Posted on | October 17, 2012 | 2 Comments
For the past few days, it has finally felt like Fall outside.
The leaves in my yard are inexplicably on the ground when just yesterday they clothed the trees, the temperatures are sweetly jacket worthy, and the air has the unmistakeable hint of smoke, wafting from either preliminary chimney use or burning leaves. For some reason, it is that smell of burning that always means fall to me… as though I need the ashes of summer to move forward into the remainder of my year… as though I must burn off the memories of lighter days to fully sink into the cloaked chill of autumn.
I’ve honestly not been sure how I’d feel about fall this year. For a while, it was my favorite season: pumpkins, boots, warm coats tucked up to your chin and always the smell of something not quite cinnamon enough for winter hovering just beyond reach. And then there was last year… a year that stripped me as bare as the trees, that left me yearning for the sweet smell of cut grass and budding blossoms of Spring. A year that made me long for anything other than the stark emptiness that Fall seemed to promise… the black and white world of winter, the shrouded bleak of a year alone.
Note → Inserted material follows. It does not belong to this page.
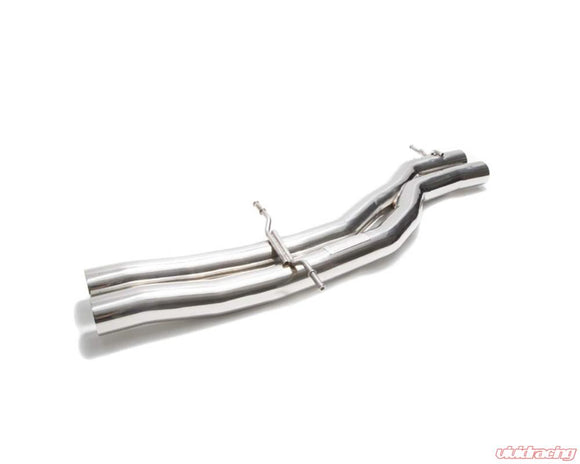 ARMYTRIX Valvetronic Exhaust System Lamborghini Urus 4.0L V8 2018+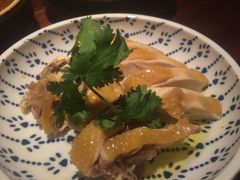 -客语客家菜(东山口店)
Last year, Fall was a covering: coat after coat of shellacked enamel attempting to stop the force of bleeding from my oh-so-unmended heart. Last year Fall was, well, a falling: one leaf at a time, one tear at a time, one hazy, almost gone and nearly forgotten memory at a time. Last year, Fall was a darkening: a heavy, clouded darkening that settled atop my world with precision, a hefty patchwork quilt of sorrow draped about me for what seemed like an eternity.
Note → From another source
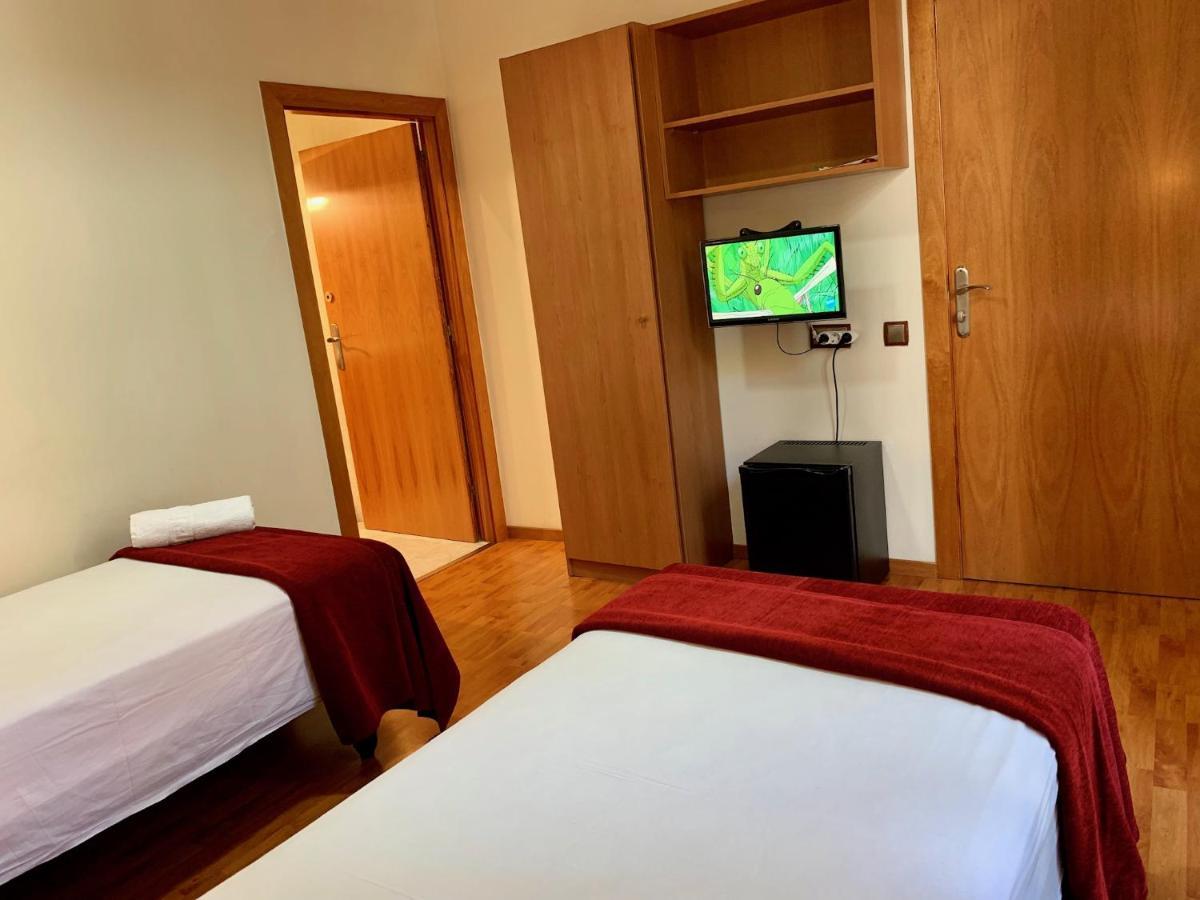 Guest house Madrazo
But with Spring came new life and with Summer came new hope and it was almost as though last fall had never happened…. until now. Until the wafting smell of smoke tickles at my nostrils again and reminds me, as seasons do, that everything comes back around. So this year, I’m left wondering what I have to show for myself, what I have to stand on as my platform of life, now that fall is here again…. now that I have survived another, heavier, turn around the sun.
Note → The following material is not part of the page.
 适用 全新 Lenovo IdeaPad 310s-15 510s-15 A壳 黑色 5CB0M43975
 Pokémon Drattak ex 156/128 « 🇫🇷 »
And ultimately, I think it is simply this:
That the world moves on. Time moves on. You, I.. each of us, move on. As much as our baggage weighs us down, halts our steps, hinders our ability to see what is spinning forward… everything is still spinning forward. For all the time I spent swaddled in the still of being sad, I was being unmistakeably carried forward… by the arms of my friends, by the words of my family, by the whispered reminders of strangers. And this fall, I find myself facing the world with a quiet strength I never knew I had. This fall, I find myself breathing in the ashes of the life I had before, letting them filter through my lungs and exhaling them into the ever-spinning twirl of autumn. Exhaling them with a flourish, a sadness for what was and for what will never be. But exhaling all the same …. making room for the sweet intake of newness: new memories, new friends, new experiences.
This fall, I am not nearly as alone as I believed myself to be last year, even as I rested my head wearily into the arms of the world. This fall I recognize the words, the arms, the prayers that soundlessly lifted me up when I believed I was drowning, that carried me forward when I thought myself twisting backwards, that dried my tears when I worried that I cried alone.
This fall, I welcome it all back… welcome back the spinning circle of life that stretches before me… and I know now, that in this life, we are never, ever, crying alone.
And for all of that, for the past year of ups and downs and sideways… I can only say thank you. To all of you. To each of you. For being the arms and the words that lifted and sheltered, that cradled and chastised, that shamed and applauded until I find myself here… standing firmly again on the platform of my life.